> **Short web captions**
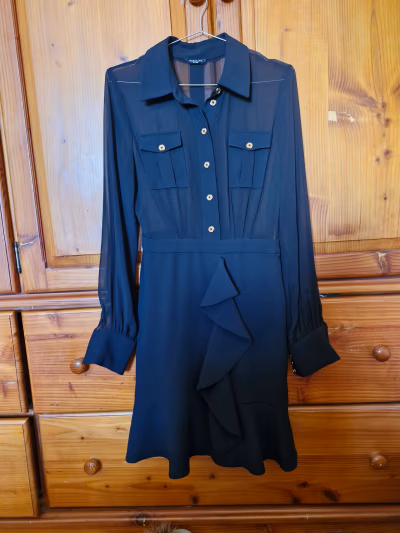 Guess Marciano Black Ruffle Detail Shirt Dress by Marciano — pre-loved on Thrifted.mt
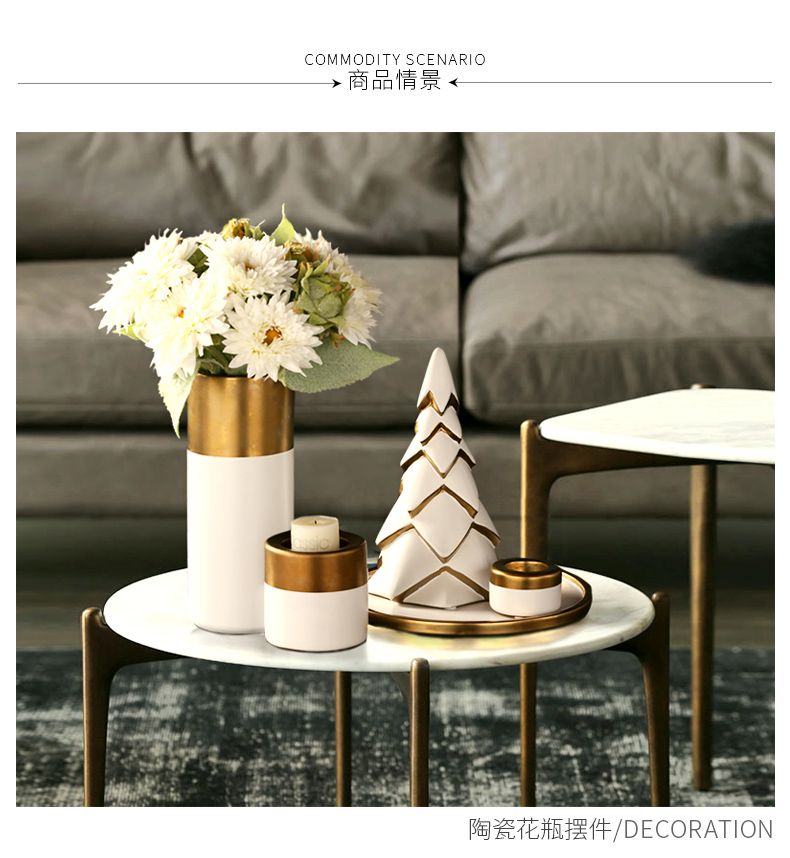 I and contracted ceramic flower implement candlestick furnishing articles suit creative household decorations show soft outfit decoration accessories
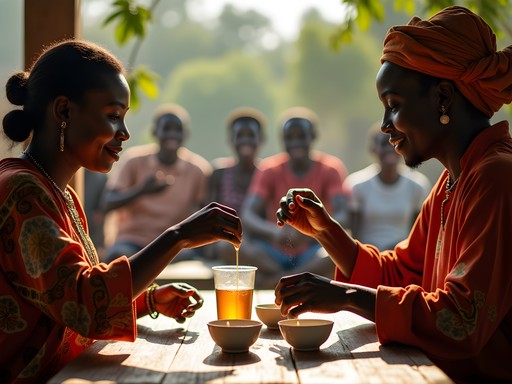 Cultural exchange moment between traveler and locals in Conakry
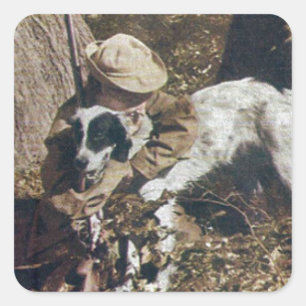 Vintager Junge und sein Jagdhund Quadratischer Aufkleber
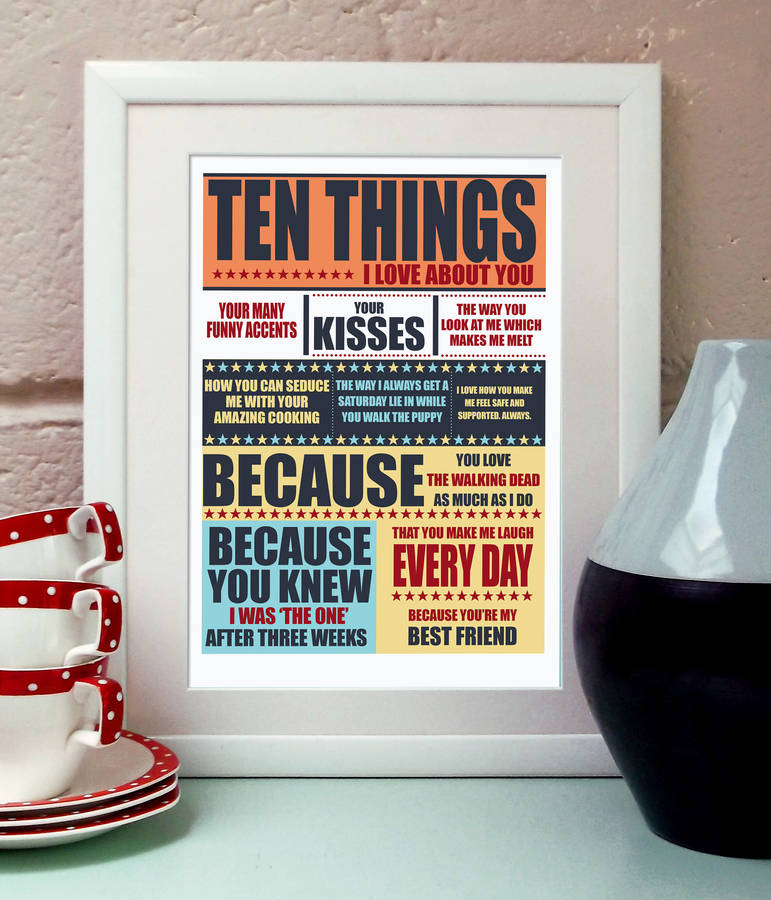 Ten things i love about you print by blue fox prints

> **YOUR GOAL**
Drop the images and transcribe the entries above exactly.

> **THE COMPLETED TASK**
 Guess Marciano Black Ruffle Detail Shirt Dress by Marciano — pre-loved on Thrifted.mt
 I and contracted ceramic flower implement candlestick furnishing articles suit creative household decorations show soft outfit decoration accessories
 Cultural exchange moment between traveler and locals in Conakry
 Vintager Junge und sein Jagdhund Quadratischer Aufkleber
 Ten things i love about you print by blue fox prints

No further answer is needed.